Two analysts have applauded the Bank of Ghana for recording the biggest drop in the policy rate in nearly 10 years, a move intended to encourage banks to reduce interest rates.
Professor Godfred Bokpin from the University of Ghana and Chief Operating Officer of Dalex Finance Joe Jackson, however, say banks are hesitant to respond to the move by cutting the cost of borrowing which goes as high as 30% in some banks.
The Bank of Ghana through its Monetary Policy Committee (MPC) announced last Monday, it was dropping the policy rate by 200 base points. It means the rate has been reduced from 25.3 to 23.5 %.
Analysts say the BoG usually maintains the policy rates and makes only minute reductions of sometimes under 0.5%.
The policy rate is linked to inflation and recent drops in inflation rates have caused the Bank to follow the lead by cutting the monetary policy rate.
Headline inflation declined for the fifth consecutive month in February 2017. Inflation fell from 17.2 percent in September 2016 to 15.4 percent in December and further down to 13.2 percent in February 2017.
A year ago at the same time, inflation was 18.5 % in February 2016.
Prof. Bokpin explained on Joy FM’s Super Morning Show Tuesday, the Central Bank could not reduce the fiscal rate as significantly as it has done now because government was not disciplined in managing its fiscal policy.
“What has eluded the Central Bank all this while is fiscal discipline,” he said.
He said he had expected the drop in interest rate much earlier because of signals and improvements in the fiscal direction of the NPP government.

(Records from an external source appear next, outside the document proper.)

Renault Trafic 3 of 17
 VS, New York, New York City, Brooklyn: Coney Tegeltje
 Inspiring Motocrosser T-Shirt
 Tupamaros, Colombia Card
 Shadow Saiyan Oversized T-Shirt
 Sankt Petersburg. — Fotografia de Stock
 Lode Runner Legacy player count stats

Joe Jackson also described the drop in the policy rate as ‘a lot in the context of the central bank’. ‘It is definitely a good thing’, he noted.
But the two analysts stressed that banks would need more than just a drop in policy rate to also drop interest rates.
“It is early days yet,” Prof. Bopkin noted. He said banks may be hesitant in taking a cue from the BoG because operational cost in the sector is still high.
There is the question of reliable power supply and the cost of power, he said. The banks may want to pass on the additional cost incurred on generators to the consumer by keeping a high-interest rate, he explained.
The COO of Dalex Finance also believes that policy rate drop is a sign of “good things ahead” but “it won’t change much”.
He expressed concern about the depreciation of the cedi and noted that banks would want to maintain their interest rates because they could lose money if the cedi begins to slide again against the dollar.